維京武士雇傭兵們粗魯的將行李箱子一一打開,有些人竟然還拿起溫德爾男爵的睡衣哈哈大笑著比劃,對于習慣了合衣而睡的維京人來說,這可真是太奇怪了,溫德爾男爵紋絲不動的坐在馬車中,拿起一本圣經看著,他是一個少有的識字的貴族。而他的長子依夫爵士如同籠子中的獅子一般,在馬車外來回踱著步子,這種被人攔路搜查的羞辱讓他惱羞成怒,腰間的劍被他敲得叮叮當當直響。
“安靜點依夫,你讓我沒辦法看圣經了。”溫德爾男爵將圣經放在自己的膝蓋上,對他的長子依夫爵士說道。
“嗨,小心點那些餐具,那是從南方買來的。”
“鐺。”
“該死的混蛋,我要砍死他們。”依夫爵士怒氣沖沖的就要抽出自己的劍。溫德爾男爵連忙伸出自己寬厚有力的手掌抓住他的肩膀,維京武士們粗魯的行徑雖然讓人氣憤,但是現在還不是打架的時候。
“很抱歉尊敬的宮相大人,我的人來自北方蠻荒之地,他們的行徑有些粗魯,不小心打破了幾只餐具。”歐格登見搜查了片刻也沒有搜出什么,于是走到溫德爾男爵的馬車旁邊,對溫德爾男爵假惺惺的道歉道,此時在道路上已經有一些旅行者和運送干草的農民們在看熱鬧了。
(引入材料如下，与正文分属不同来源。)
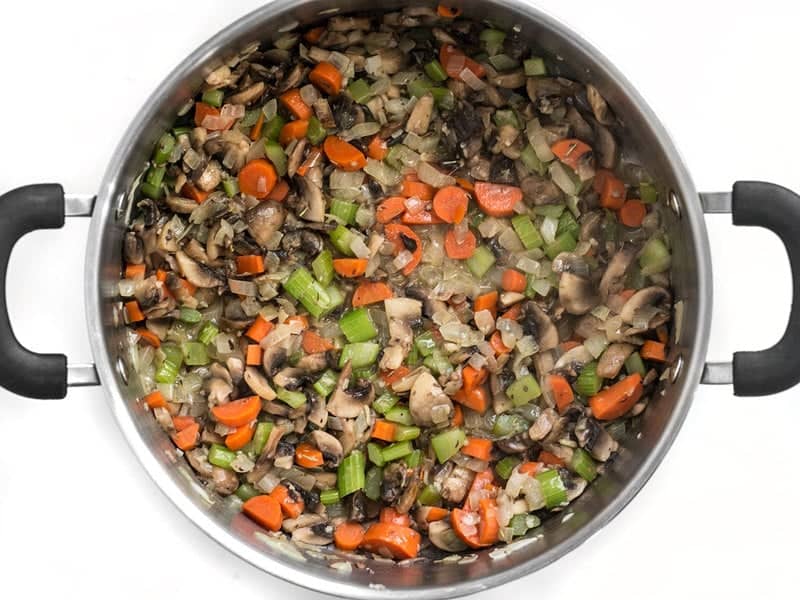 Sauté Mushrooms and Herbs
“沒有關系,只是些不值錢的東西。對于溫德爾家族來說不算什么。我的小兒子說很快要送給我一些來自北歐丹麥王宮殿的餐具,也許這些維京人會認識,而不至于把餐具當成了罪犯。”溫德爾男爵帶著嘲諷的意味對歐格登說道。
“呵呵,您真是會開玩笑宮相大人。”歐格登的眼睛瞇起來一條縫隙。如同一頭暗藏在草叢中隱蔽的毒蛇。尤其是不時地伸出舌頭的動作。
“那么既然你們已經搜查完畢了。我想我和我的家人沒有觸犯任何的法律,我們可以離開去我的領地了嗎?”溫德爾男爵對歐格登說道。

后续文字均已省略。